Home Depot timely removed the action to this Court. (Doc. 1.) Medmoun moved

to remand and this Court denied the motion, concluding that it had jurisdiction over this class action. (Doc. 21; Doc. 29.) Home Depot moves to stay or dismiss this action and USIG moves to dismiss. (Doc. 8; Doc. 36.) Medmoun responds in opposition. (Doc. 30; Doc. 38.) In the interim, the Court stayed discovery pending resolution of the motions to dismiss. (Doc. 37.) Il. LEGAL STANDARD Federal Rule of Civil Procedure 8(a)(2) requires “a short and plain statement of the claim showing that the pleader is entitled to relief.” This pleading standard “does not

require ‘detailed factual allegations,’ but it demands more than an unadorned, the- defendant-unlawfully-harmed-me accusation.” Ashcroft v. Iqbal, 556 U.S. 662, 678 (2009) (quoting Bell Atl. Corp. v. Twombly, 550 U.S. 544, 555 (2007)). “A pleading that offers ‘labels and conclusions’ or ‘a formulaic recitation of the elements of a cause of action will

not do.” Id. (quoting Bell Atl.

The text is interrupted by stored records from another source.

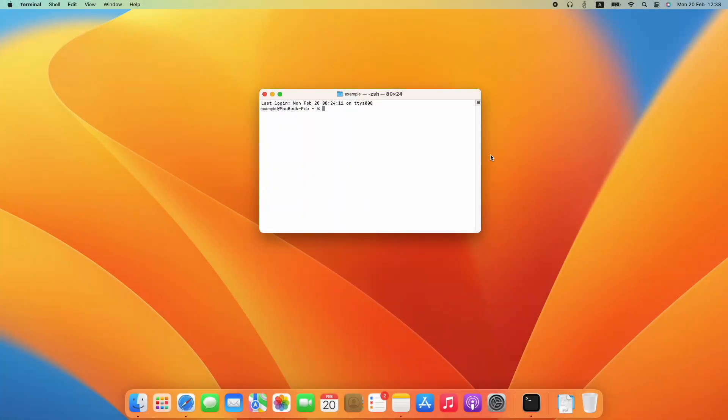Let's now see how to do it on macOS. First, open the terminal application. Then, inside it, write the following command: dig a clouddns.net.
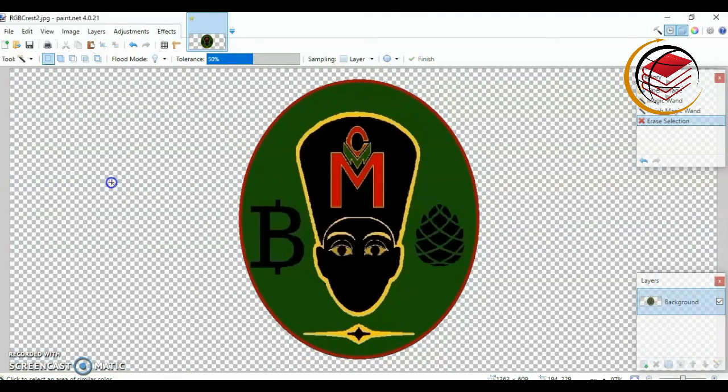Okay, as you can see here, that area has been removed. That white area has been removed and it has been replaced with a checkered box background sort of thing. This indicates that the background for this image is now transparent. So all I'm going to do now is save this image as a PNG image, which will also signify that this image has a transparent background.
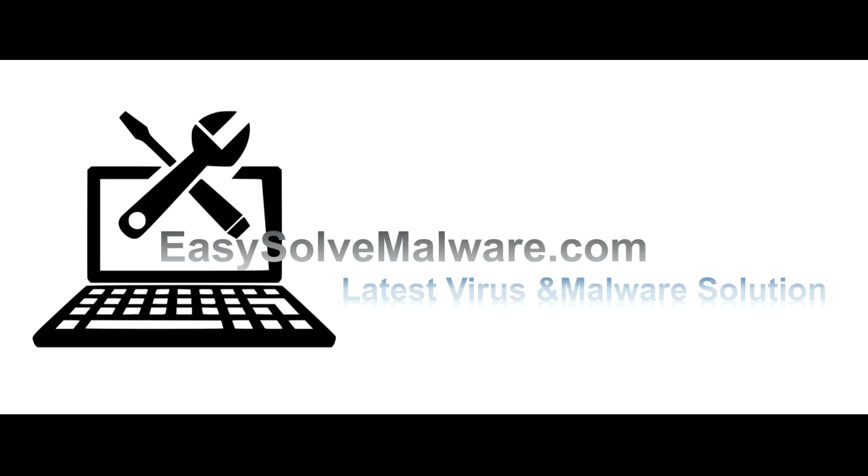That's all. Thank you watching the video from EasySolveMalware.com. We hope it solves your problem.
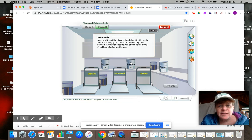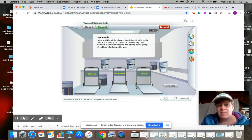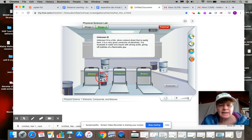Unknown B is a thin silver colored sheet, easily bent, good conductor. That's sounding like a metal. Okay, so let's put that as metals or elements.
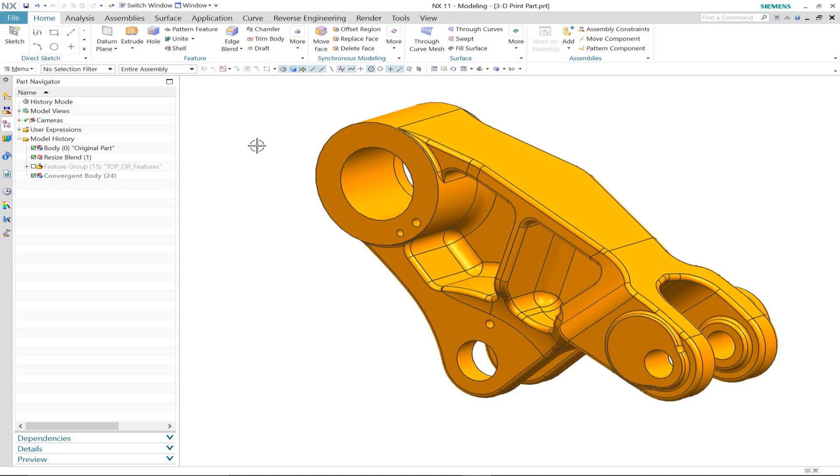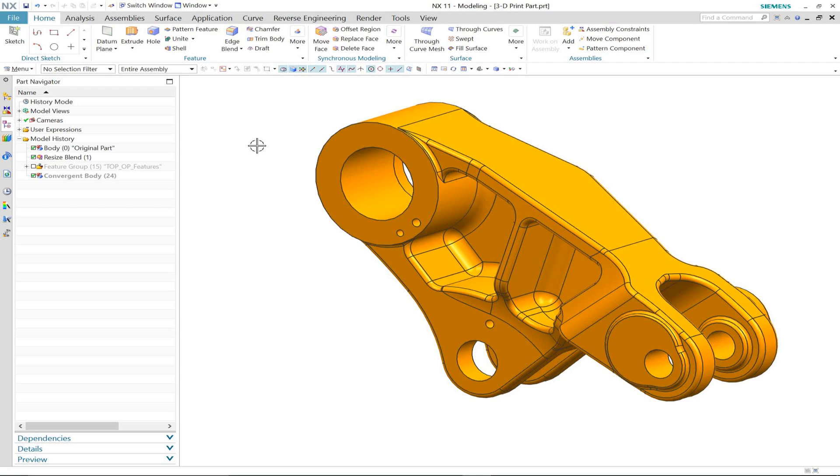Convergent modeling in NX11 opens up many new and exciting applications within the design process. Here you will see an example of where we can use convergent modeling and also topology optimization to generate a new design that we can 3D print.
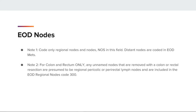Here are notes for colon, rectum, and rectosigmoid EOD nodes coding field. Note 1: code only regional nodes or nodes NOS in this field. Distant nodes are coded in EOD mets. Note 2: for colon and rectum only, any unnamed nodes that are removed with a colon or rectal resection are presumed to be regional pericolic or perirectal lymph nodes and are included in EOD regional nodes code 300.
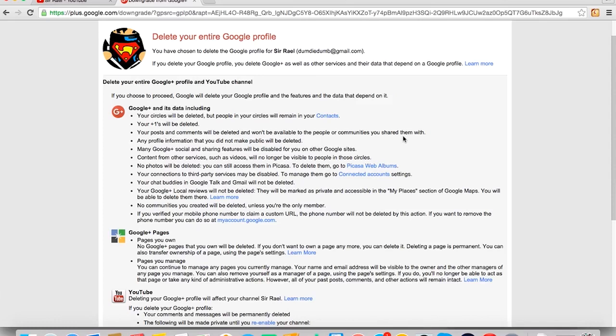So, if you guys proceed, your circles will be deleted but the people in your circles will remain in your contact. Your Plus Ones will be deleted. Your posts and comments will be deleted. Profile information that you didn't make public will be deleted, and other stuff that I will list in the description for you guys to check out. I just wanted you guys to be cautious of this before proceeding. So, if you guys do want to delete your Google profile just to change your name, then you know what? You guys can do this. And it does beat having to wait three months or two years or how many months that Google Plus have made you to wait. I don't even know why we have to wait that long, but it's crazy. That's why I love this method.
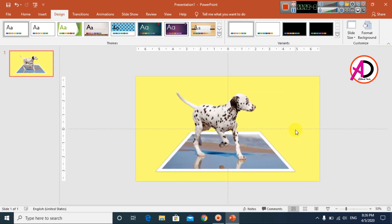Our 3D pop-out effect is ready. Thank you for watching this video — please like, comment, and subscribe to my channel. Thank you so much.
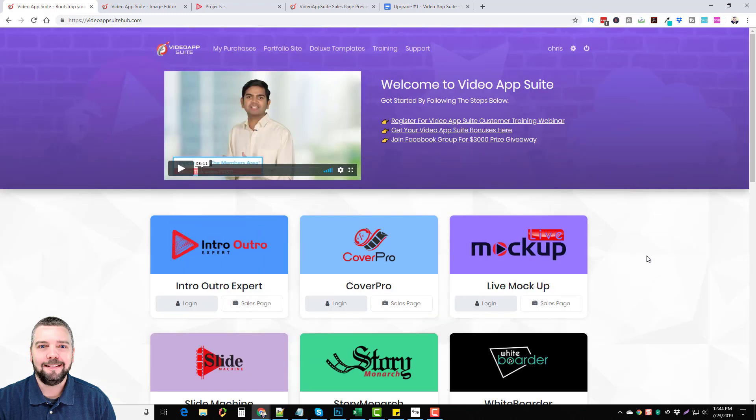So if you guys found this video useful, please like and subscribe. Remember the links directly under this video to pick up Video App Suite if you're interested or if you just want to learn more, see more demos and learn more about each app.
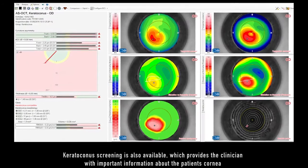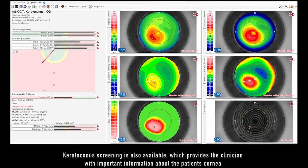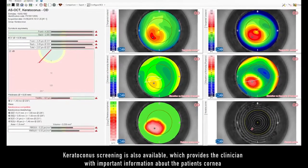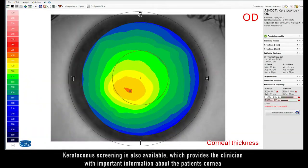Keratoconus screening is also available, which provides the clinician with important information about the patient's cornea.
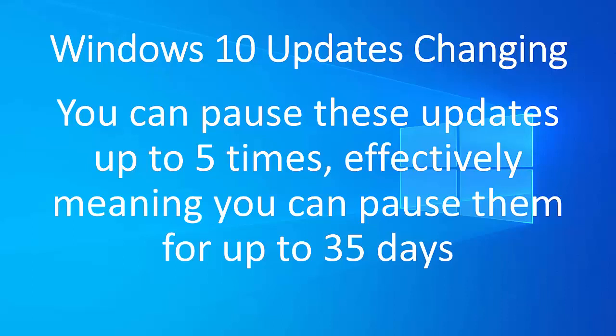Now, you can pause these updates up to five times. So effectively, meaning you can pause them really for up to 35 days. So you can pause them for up to seven days at a time for up to five times and then Microsoft will force install them on you.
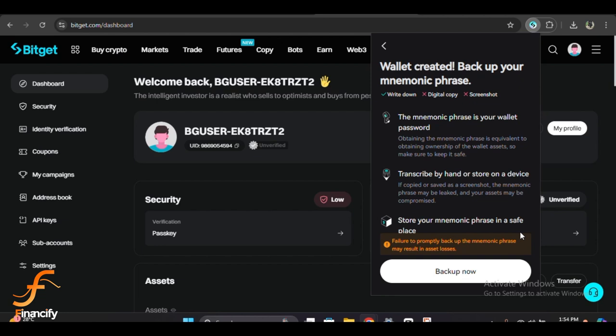Here are a few extra tips. Never share your recovery phrase with anyone. Bitget or any other service will never ask for this, so be cautious of phishing attempts. Consider using a hardware wallet for additional security, especially if you are storing large amounts of crypto.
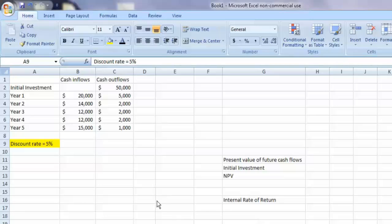In this tutorial we will use Microsoft Excel to calculate the net present value and internal rate of return for a capital project.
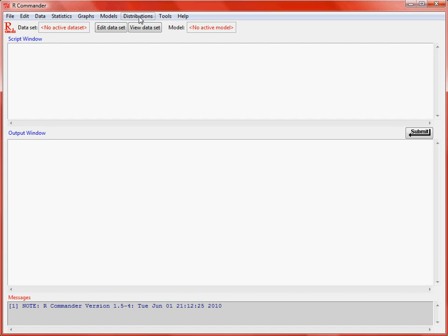What we've got in this next line is the way that R Commander works is to have an active data set. So whenever you try and do some analysis from the menus on the active data set, this is the data set that will be used. We can edit the data or view it using these two buttons. And in a similar vein, we can make use of an active model. So if we want to produce diagnostics for that model, we can make use of the model menu.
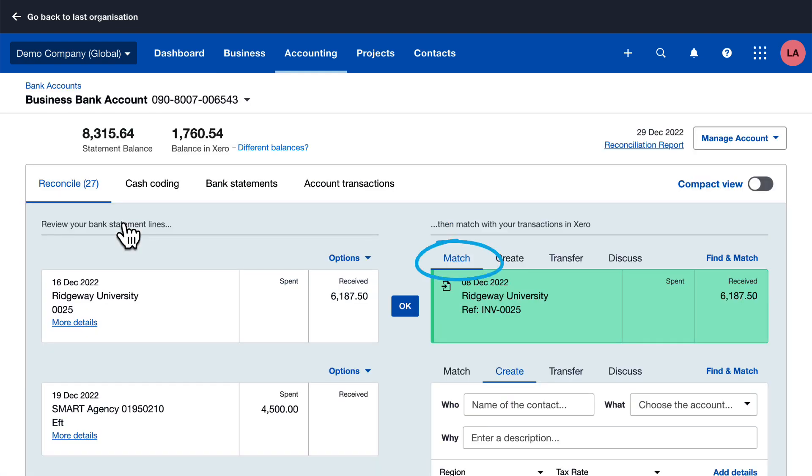Use match when you've already entered a transaction in Xero. For example, a bill from a supplier or an invoice to a customer.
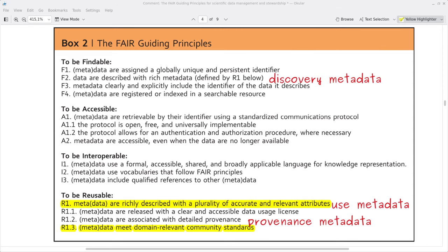Principle R1.3 is that data or metadata meet domain-relevant community standards. Here we're talking about the use metadata, where we referred to discovery metadata earlier under Findable. Use metadata helps someone to use the data — things like units, variable names, and so on. We already touched upon this under the Interoperable principle, but the only thing I want to add is that there should be a plurality of accurate and relevant attributes, so be thorough and accurate with how much use metadata you're including. And that's the last of the FAIR data management principles.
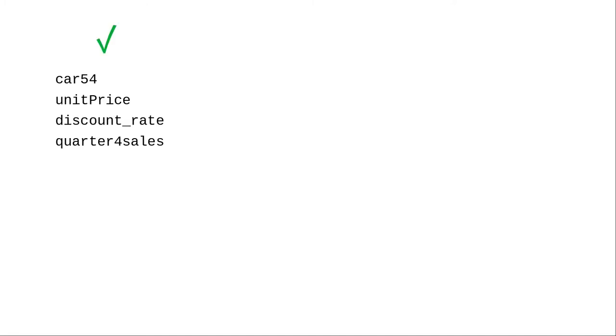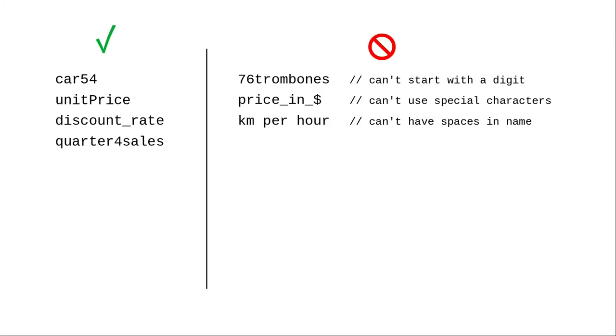That means that these variable names are valid, but these aren't.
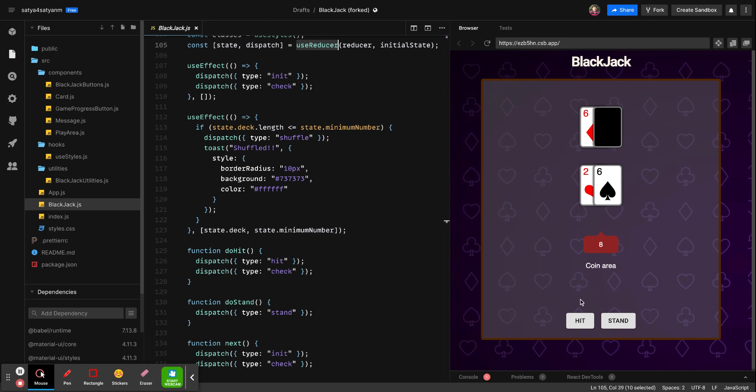Initially when you load this, two cards are being served, and for the dealer one card is hidden. Same thing I have to replicate in my Phaser game very soon.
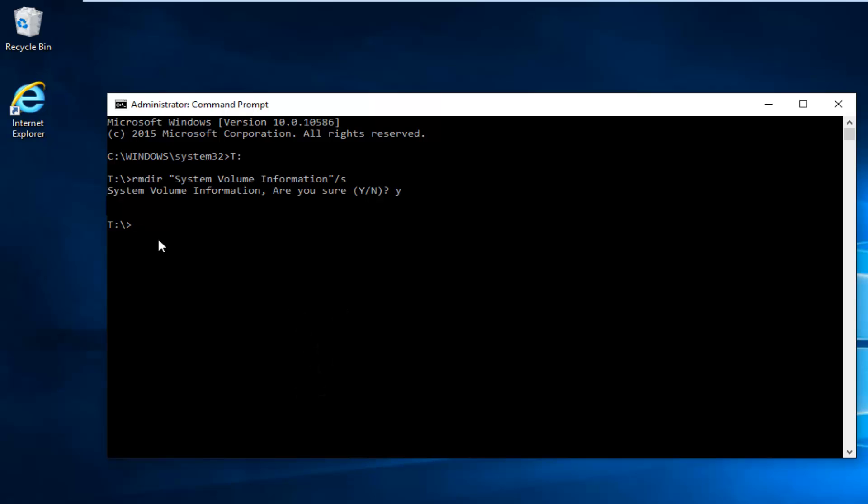And then you should be pretty much good to go from here. At this point you can close out and then restart the computer, and hopefully you'll be good to go. So I hope this brief tutorial helped you guys out, and I will catch you in the next video. Goodbye.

Corp., 550 U.S. at 555). “Nor does a complaint suffice if it tenders ‘naked assertion[s]’ devoid of ‘further factual enhancement.” Id. (quoting Bell Atl. Corp., 550 U.S. at 557). To survive a motion to dismiss for failure to state a claim, a plaintiff must plead sufficient facts to state a claim that is “plausible on its face.” Id. (quoting Bell Atl. Corp., 550 U.S. at 570). A claim is plausible on its face when a plaintiff “pleads factual content

that allows the court to draw the reasonable inference that the defendant is liable for the misconduct alleged.” [d. When considering the motion, the court accepts all factual allegations of the complaint as true and construes them in the light most favorable to the plaintiff. Pielage v.